Tuesday, November 23, 2010

There is a new wave of reason

I often think back with embarrassment to the rubbish I lapped up, as a child, in the way of Anglican hymns. I realize retrospectively that I was totally brainwashed—maybe "earwashed" is a better word—in that I found them quite pleasant to listen to, and even sing. The most appalling specimen of all, I think, was a vulgar military march entitled Onward Christian soldiers! Richard Dawkins alludes to another nonsensical hymn in The Greatest Show on Earth:

When children sing, 'He made their glowing colours / He made their tiny wings', they are uttering a childishly obvious falsehood. Whatever else God does, he certainly doesn't make glowing colours and tiny wings. If he did anything at all, it would be to supervise the embryonic development of things, for example by splicing together sequences of genes that direct a process of automated development. Wings are not made, they grow—progressively from limb buds inside an egg.

A footnote by Dawkins amuses me, suggesting that we were members of similar congregations:

I have been warned that 'All things bright and beautiful' will not necessarily strike my readers as nostalgically as it does me.

Today, I quite like the sound of this new kind of hymn, where the great Dawkins has been transformed into a disco choirboy… by a process called auto-tuning.



I was pleased to see and hear Bertrand Russell appearing at the beginning and the end of this fine composition.

Thursday, October 28, 2010

Devil in the clubhouse

A few years ago, I was saddened to hear that one of my favorite singers, the Canadian poet Leonard Cohen, had apparently been fleeced financially by a female associate while he was playing around at being a Buddhist monk in a California retreat. [I say "apparently", and I refrain from quoting names, because there still seems to be some wrangling going on in this sordid domain.] For me, it's difficult to imagine that anyone would set out deliberately to injure, by betrayal, such a fine individual. But I guess I'm naive. Maybe Cohen, too.

I have similar sad feelings when I learn that the Richard Dawkins Foundation for Reason and Science is suing an employee named Josh Timonen for reasons that include fraud and embezzlement.

Click the photo to access a website that provides details on this affair.

The main reason I mention this unexpected matter is to explain why I decided to remove the red A (for atheism) banner from my blog.
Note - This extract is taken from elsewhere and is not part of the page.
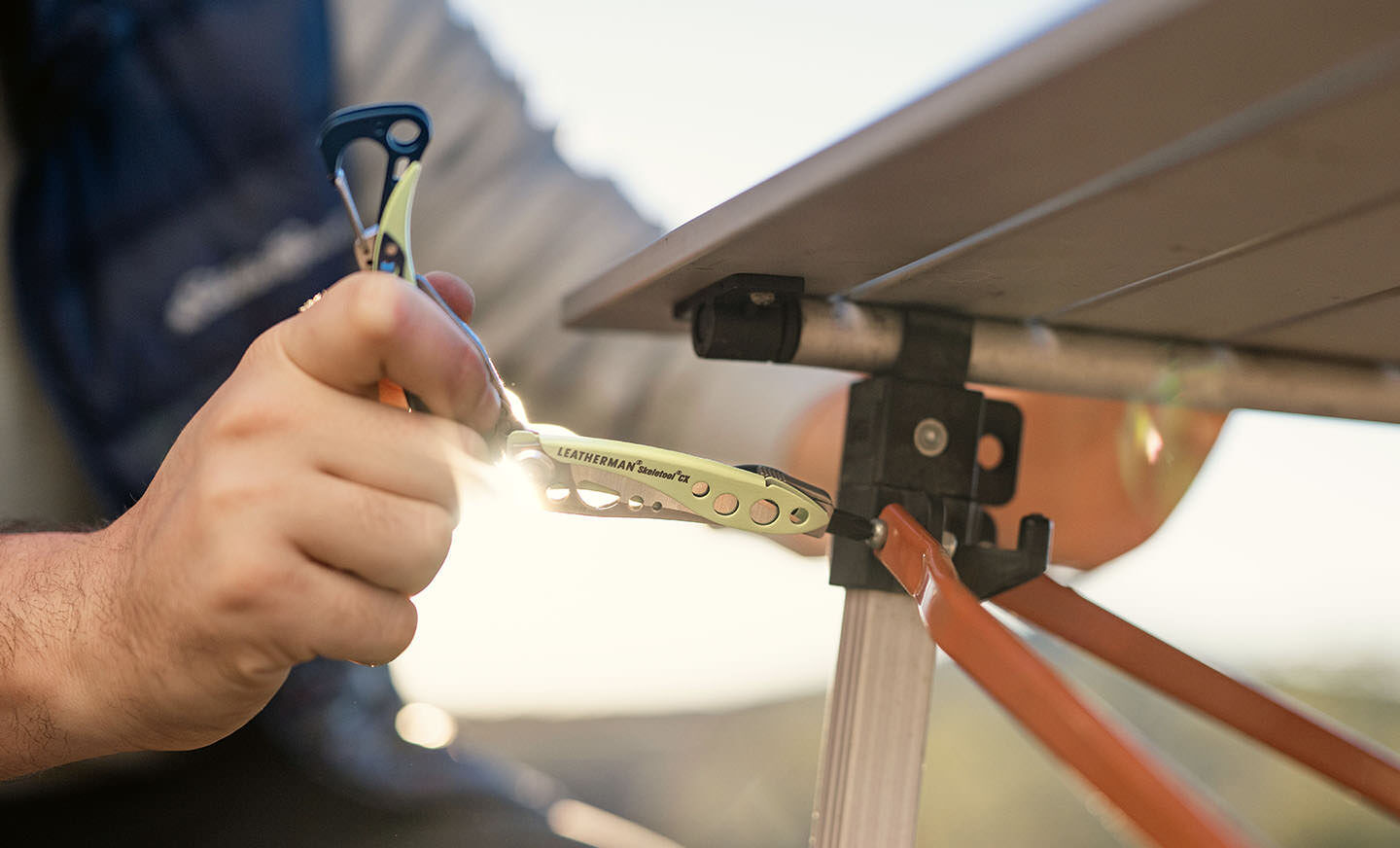 Leatherman pinza multiuso Skeletool CX Colore onice 831557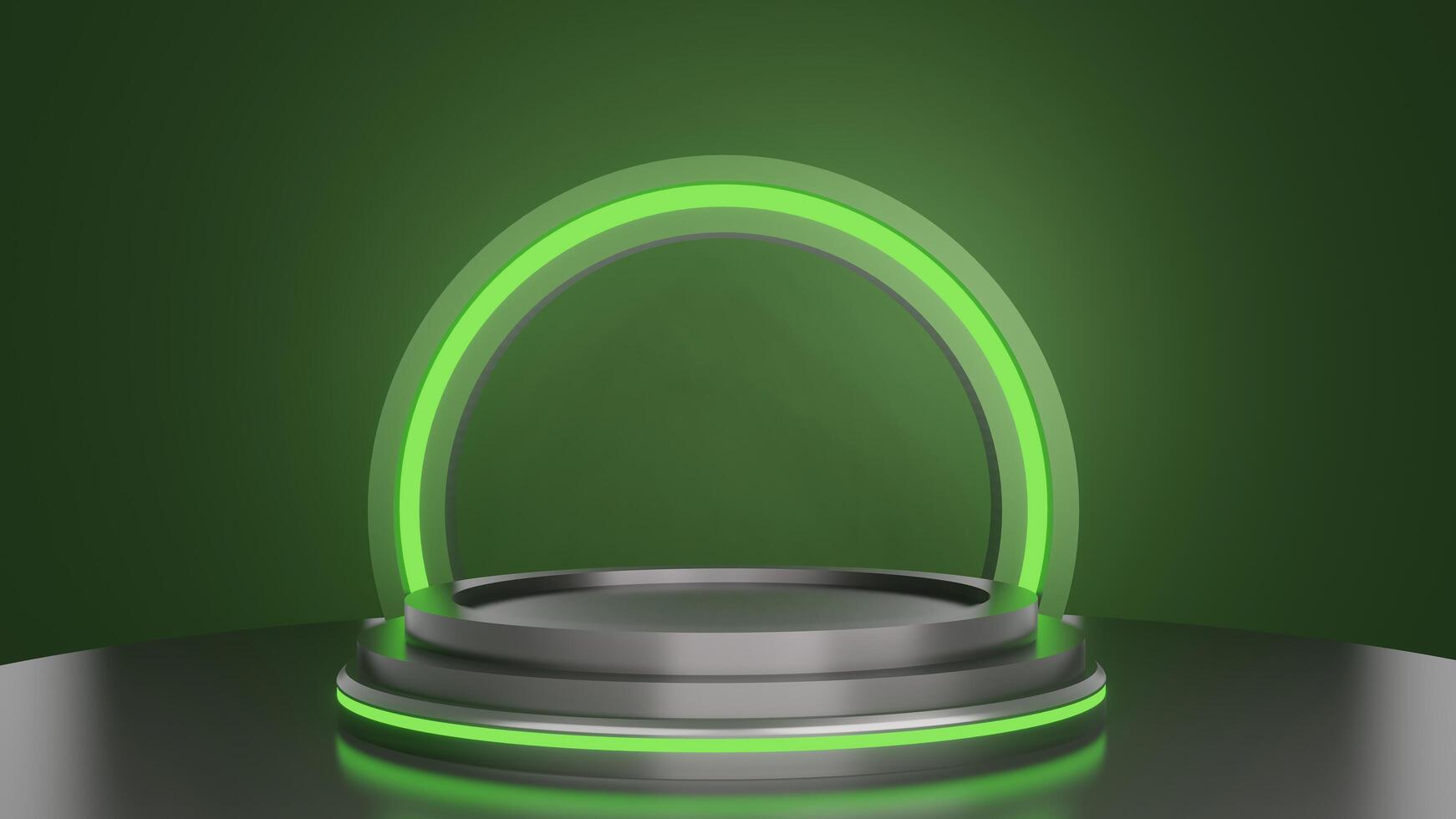 3D animated black friday with green glow sales social media post template, suitable for travel agencies or product promotions. photo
Apart from displaying that A banner, I've never had any contacts with the foundation or the people who appear to gravitate around Richard Dawkins. I'm in no way a member of the Dawkins "club". Personally, I would be far happier if my scientific hero were a more reserved and inconspicuous individual, avoiding the limelight. In my humble opinion, he should limit himself to what he's really good at: writing or maybe documentary movies. I can't understand why he wanted to start his foundation, create a website, get into public debates with idiots, etc. I have the impression that it's through this flamboyant worldly dimension of his existence that Dawkins has ended up getting screwed, apparently, by one of his closest friends: in fact, a highly-paid collaborator.
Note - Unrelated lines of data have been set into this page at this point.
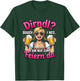 Trachtenshirt Damen Trachten Passend für Oktoberfest T-Shirt - T-Shirt | Forest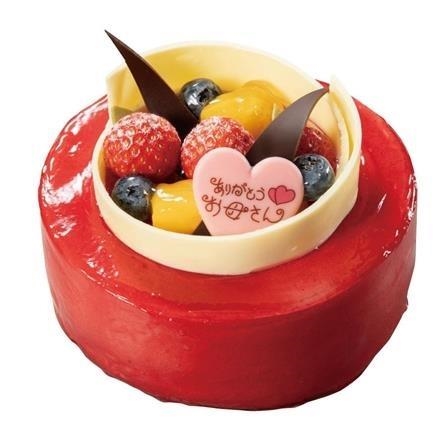 02. ローランローゼ　母の日　レアチーズムース　4号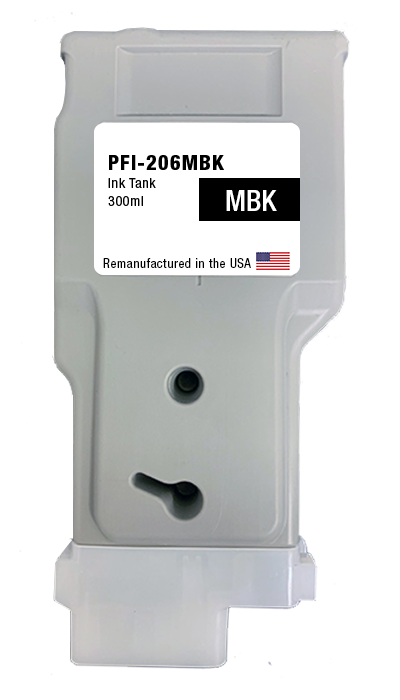 Canon PFI206 PRETO Mate Generico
Wednesday, October 13, 2010

Man gave names to all the animals

For a year at the University of Sydney, I attended the classes of John Anderson [1893-1962] in Greek philosophy. It wasn't very exciting stuff—a little like entering a fine-looking restaurant in Paris and being served a ham sandwich—for the obvious reason that philosophical thinking, like everything else, has evolved considerably during the two millennia since the ancient Greeks. Listening to the Scottish gentleman rambling on about Plato and Aristotle was equivalent to sitting in on mathematics lectures presenting the elements of Euclidean geometry, or attending a year-long course on the astronomy of Isaac Newton. I've already said that it was grotesque to be teaching a university course in Aristotelian logic at a time when this domain had been totally dominated for decades by so-called symbolic (mathematical) logic. As for delving into the complicated reasons why Socrates was made to drink hemlock for allegedly corrupting the youth of Athens, that was a pure waste of time for students in the middle of the 20th century.
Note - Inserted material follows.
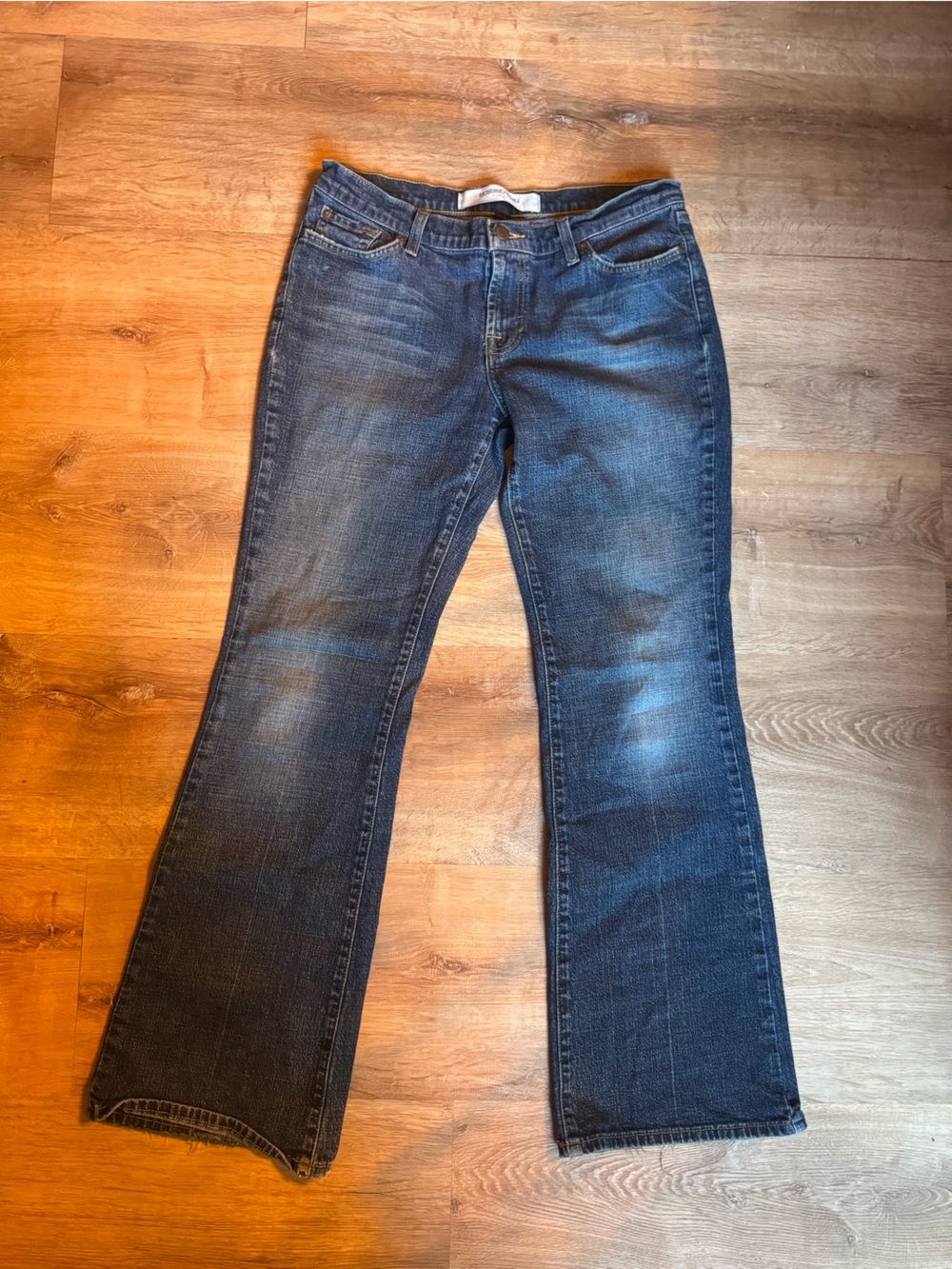Mossimo Supply Co. Women's Dark Blue Wide Leg Jeans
On the other hand, in the midst of all this antiquated mumbo-jumbo, I did appreciate one small but non-trivial item of philosophical culture: Plato's theory that things in the real world are mere imperfect instances of so-called universals, which are ideal models of a purely abstract nature, existing only in the mind of God. Funnily enough, my familiarity with Plato's so-called theory of ideas made it easy for me, many years later, to grasp the avant-garde approach to computer programming known as object-oriented programming. Here you start with an abstract class, which is then used to create effective instances of that class, referred to as objects.

For Plato, the countless dogs that we meet up with in the everyday world are merely instances of the divine concept of dog-ness, while cats are instances of cat-ness. And Bob Dylan seemed to be perspicacious when he pointed out that Man, in the beginning, had been obliged to give names to all the animals. This is exactly what a computer programmer does when he starts to invent the classes for an object-oriented project.

The only annoying aspect of Plato's theory is that, while it may be helpful for somebody who needs to master object-oriented computer programming, it is totally and unequivocally wrong as a philosophical explanation of our real world.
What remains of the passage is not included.